Another thing I noticed was that I was dreading getting out of bed in the morning. I found myself thinking, “It’s all downhill from here, this is the best I’m going to feel all day.” Unsurprisingly, that fatalistic mindset was not helpful. I was able to make some lifestyle modifications to make getting out of bed easier, like keeping a change of clothes (including my compression socks) next to my bed so I could change before standing up, and keeping my morning meds nearby so they could kick in before I got up. But I also needed to reframe my thought patterns. When I would experience the negative thoughts that I outlined above I would force myself to step back and try again. I reminded myself that I would feel differently once I got up, but it wouldn’t all be bad. I allowed that sometimes I might feel awful but that those minutes would pass and I’d be able to feel lots of other ways too. I’m not going for any toxic positivity here, just trying for a more balanced and realistic view. I will feel many things throughout the course of a day. Some of them will be positive and some negative. That’s just called being human.

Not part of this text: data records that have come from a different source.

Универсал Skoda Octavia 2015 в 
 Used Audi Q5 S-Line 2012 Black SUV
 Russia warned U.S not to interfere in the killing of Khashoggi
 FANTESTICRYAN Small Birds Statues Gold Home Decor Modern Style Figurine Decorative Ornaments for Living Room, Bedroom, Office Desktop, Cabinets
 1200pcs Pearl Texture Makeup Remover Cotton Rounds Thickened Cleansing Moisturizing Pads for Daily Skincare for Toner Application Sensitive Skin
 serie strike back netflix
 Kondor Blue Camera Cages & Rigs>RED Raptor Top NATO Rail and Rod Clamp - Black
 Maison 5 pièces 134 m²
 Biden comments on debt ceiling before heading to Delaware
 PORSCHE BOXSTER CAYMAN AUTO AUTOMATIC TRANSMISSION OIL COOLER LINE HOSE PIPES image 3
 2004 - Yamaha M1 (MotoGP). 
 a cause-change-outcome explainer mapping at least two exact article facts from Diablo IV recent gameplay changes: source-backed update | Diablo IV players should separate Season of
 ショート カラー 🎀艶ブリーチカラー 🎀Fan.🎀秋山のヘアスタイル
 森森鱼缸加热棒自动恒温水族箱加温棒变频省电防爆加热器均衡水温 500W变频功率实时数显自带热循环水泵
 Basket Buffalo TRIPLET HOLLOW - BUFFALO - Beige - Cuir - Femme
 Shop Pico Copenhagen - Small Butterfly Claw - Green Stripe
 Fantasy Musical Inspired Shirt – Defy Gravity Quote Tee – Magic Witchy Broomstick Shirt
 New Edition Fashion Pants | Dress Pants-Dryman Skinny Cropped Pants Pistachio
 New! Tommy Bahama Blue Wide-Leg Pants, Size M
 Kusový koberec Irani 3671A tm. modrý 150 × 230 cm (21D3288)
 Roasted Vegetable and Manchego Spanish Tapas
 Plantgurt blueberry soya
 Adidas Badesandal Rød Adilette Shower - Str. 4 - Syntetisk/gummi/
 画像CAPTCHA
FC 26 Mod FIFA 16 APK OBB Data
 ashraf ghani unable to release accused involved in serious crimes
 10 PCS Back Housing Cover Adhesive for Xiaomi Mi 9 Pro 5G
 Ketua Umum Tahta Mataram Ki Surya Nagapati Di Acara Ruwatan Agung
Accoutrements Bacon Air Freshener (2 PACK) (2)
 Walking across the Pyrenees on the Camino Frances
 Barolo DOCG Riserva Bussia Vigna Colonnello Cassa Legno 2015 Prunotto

The last example I want to talk about is a bit more overarching. Over the past few weeks of this flare I’ve found myself having good and bad days, and I thought of them as such. I recently realized that by calling them ‘good’ and ‘bad’ I was assigning them unnecessary and unhelpful value. Particularly the ‘bad’ days. I decided that ‘hard’ days was a much more appropriate name. You see, on hard days I am not doing anything badly. I didn’t screw anything up or make bad decisions. It’s just that progress is not linear. Some days are going to be more challenging than others and that is totally normal. No value statements needed.


I plan to continue to actively reframe my thought patterns as I move forward, especially on the hard days.